- **Exercise goal**: Restate verbatim the span of lines below between the line with "#UCAMMurciaFCCartagena | Jornada" and the line with "Armchair Guest Mattress", including those two lines, and only that span.

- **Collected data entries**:
※ ※ ※

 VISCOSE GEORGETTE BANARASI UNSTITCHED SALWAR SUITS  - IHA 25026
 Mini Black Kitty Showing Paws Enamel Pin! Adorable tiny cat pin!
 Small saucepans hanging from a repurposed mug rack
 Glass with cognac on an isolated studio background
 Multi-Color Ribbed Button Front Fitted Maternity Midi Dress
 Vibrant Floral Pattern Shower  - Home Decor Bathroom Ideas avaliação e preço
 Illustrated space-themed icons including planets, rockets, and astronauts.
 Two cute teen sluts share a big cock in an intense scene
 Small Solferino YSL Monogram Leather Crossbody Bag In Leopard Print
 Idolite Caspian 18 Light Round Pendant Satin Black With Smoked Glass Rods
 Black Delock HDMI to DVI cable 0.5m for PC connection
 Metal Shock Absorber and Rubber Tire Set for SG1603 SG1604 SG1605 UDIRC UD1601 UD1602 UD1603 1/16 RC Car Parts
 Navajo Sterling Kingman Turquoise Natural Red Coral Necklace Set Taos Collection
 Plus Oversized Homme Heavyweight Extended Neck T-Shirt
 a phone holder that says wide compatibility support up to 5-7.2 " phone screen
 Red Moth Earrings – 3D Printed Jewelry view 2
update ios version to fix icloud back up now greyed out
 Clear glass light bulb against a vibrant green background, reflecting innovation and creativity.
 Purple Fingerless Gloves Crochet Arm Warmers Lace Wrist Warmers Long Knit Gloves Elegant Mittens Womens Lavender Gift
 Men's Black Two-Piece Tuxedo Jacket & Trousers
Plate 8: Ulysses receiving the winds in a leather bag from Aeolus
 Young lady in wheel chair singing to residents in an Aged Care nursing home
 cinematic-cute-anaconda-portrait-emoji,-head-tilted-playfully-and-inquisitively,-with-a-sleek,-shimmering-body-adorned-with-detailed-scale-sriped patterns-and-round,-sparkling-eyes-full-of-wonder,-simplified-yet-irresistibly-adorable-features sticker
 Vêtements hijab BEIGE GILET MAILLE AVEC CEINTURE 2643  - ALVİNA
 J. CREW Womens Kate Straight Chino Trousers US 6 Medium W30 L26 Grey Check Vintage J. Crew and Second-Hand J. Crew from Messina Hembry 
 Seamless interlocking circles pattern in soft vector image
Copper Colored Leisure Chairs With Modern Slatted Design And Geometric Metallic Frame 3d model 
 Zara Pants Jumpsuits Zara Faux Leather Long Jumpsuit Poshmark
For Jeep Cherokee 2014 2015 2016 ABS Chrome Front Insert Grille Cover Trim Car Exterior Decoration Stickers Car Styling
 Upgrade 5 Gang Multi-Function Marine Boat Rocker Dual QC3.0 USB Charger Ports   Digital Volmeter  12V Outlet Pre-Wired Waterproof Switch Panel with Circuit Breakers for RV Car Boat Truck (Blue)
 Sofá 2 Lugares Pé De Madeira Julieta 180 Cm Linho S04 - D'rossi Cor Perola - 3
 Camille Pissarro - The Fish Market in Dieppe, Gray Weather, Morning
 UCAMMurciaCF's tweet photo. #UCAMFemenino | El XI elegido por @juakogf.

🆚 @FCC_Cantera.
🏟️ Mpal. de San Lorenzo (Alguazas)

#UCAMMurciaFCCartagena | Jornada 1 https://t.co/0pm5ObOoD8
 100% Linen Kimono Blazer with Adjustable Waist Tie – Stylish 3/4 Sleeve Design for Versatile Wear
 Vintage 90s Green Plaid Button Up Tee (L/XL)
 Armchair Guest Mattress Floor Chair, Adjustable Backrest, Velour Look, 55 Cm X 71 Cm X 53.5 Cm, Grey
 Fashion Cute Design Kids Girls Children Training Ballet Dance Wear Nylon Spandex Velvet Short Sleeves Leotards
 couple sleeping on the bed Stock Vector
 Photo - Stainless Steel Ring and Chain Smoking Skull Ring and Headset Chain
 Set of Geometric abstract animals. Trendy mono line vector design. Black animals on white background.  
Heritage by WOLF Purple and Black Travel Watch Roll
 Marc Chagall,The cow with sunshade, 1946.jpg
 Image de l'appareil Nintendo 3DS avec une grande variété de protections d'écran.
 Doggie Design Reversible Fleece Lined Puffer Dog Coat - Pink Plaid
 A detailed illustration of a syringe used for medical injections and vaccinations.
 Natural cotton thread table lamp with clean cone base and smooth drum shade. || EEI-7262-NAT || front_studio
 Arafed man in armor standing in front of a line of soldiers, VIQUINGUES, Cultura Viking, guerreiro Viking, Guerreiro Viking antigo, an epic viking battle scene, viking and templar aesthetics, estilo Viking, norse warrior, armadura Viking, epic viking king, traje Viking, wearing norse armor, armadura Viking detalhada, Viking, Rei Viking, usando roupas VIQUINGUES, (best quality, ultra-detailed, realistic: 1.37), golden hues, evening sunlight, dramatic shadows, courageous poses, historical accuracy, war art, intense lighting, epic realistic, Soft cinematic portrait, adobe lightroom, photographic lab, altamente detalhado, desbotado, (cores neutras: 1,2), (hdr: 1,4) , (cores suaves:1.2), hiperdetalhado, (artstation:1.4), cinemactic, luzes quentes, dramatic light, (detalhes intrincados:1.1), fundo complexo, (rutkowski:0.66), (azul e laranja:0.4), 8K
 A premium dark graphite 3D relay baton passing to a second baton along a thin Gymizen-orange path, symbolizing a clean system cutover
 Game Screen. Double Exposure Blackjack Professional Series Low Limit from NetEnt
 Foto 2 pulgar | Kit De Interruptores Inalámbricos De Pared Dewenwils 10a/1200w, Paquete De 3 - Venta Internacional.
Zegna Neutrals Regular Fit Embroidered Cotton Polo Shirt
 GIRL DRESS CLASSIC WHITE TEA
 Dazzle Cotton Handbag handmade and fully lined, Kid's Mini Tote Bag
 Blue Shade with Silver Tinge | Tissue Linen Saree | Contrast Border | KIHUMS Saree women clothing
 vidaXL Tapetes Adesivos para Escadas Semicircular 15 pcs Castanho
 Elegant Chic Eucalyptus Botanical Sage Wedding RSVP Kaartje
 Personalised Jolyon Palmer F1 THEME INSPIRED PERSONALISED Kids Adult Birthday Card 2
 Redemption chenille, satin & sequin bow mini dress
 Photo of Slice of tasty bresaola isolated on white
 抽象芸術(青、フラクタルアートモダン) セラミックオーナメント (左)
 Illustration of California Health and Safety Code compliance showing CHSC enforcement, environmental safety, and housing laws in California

※ ※ ※

- **Written solution**:
#UCAMMurciaFCCartagena | Jornada 1 https://t.co/0pm5ObOoD8
 100% Linen Kimono Blazer with Adjustable Waist Tie – Stylish 3/4 Sleeve Design for Versatile Wear
 Vintage 90s Green Plaid Button Up Tee (L/XL)
 Armchair Guest Mattress Floor Chair, Adjustable Backrest, Velour Look, 55 Cm X 71 Cm X 53.5 Cm, Grey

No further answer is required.